** ACTION ITEM **
Only one portion of the data is to be written out: from the line bearing "close up of" through the line bearing "Los manifestantes sostienen". Write it exactly as it appears.

** MATERIAL FOR THIS EXERCISE **

=== Section Start ===

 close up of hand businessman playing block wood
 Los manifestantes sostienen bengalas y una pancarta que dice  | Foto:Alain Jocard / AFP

=== Section End ===
=== Section Start ===

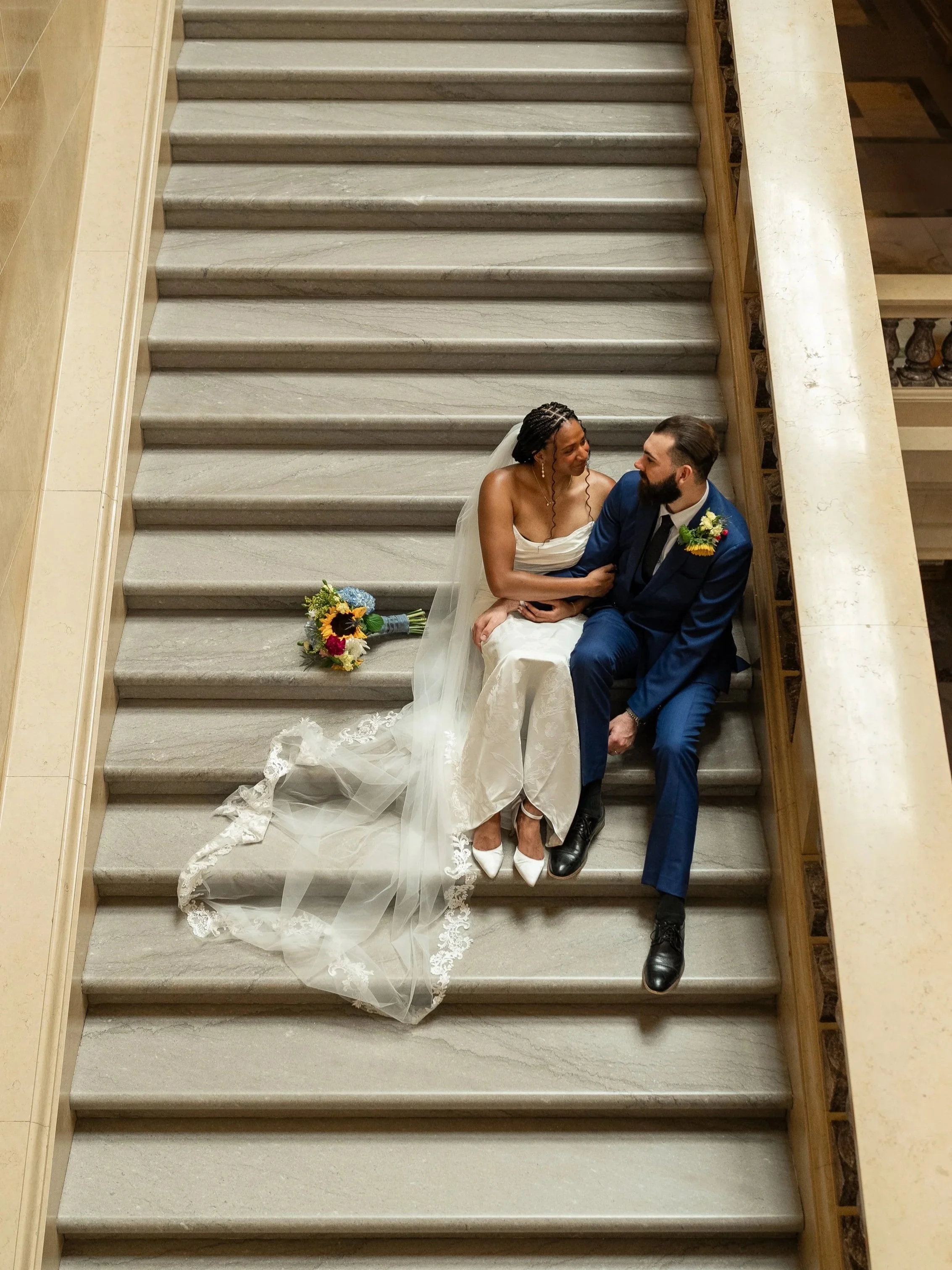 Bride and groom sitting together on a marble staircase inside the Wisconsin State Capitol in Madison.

=== Section End ===
=== Section Start ===

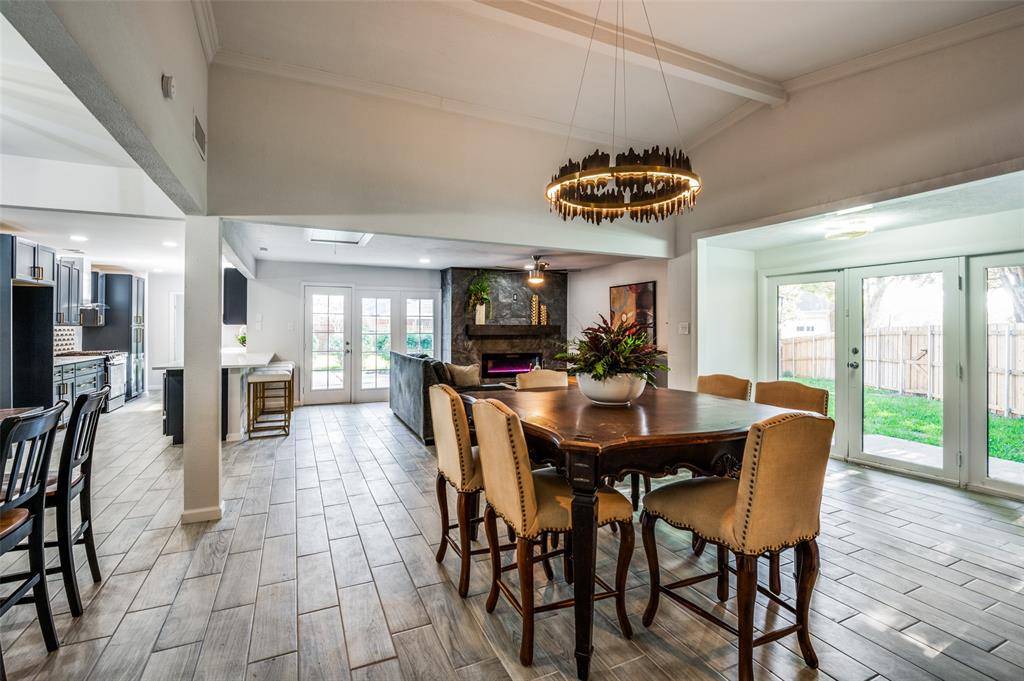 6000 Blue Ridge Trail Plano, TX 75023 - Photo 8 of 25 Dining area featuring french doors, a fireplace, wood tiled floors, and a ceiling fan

=== Section End ===

** REPLY **
 close up of hand businessman playing block wood
 Los manifestantes sostienen bengalas y una pancarta que dice  | Foto:Alain Jocard / AFP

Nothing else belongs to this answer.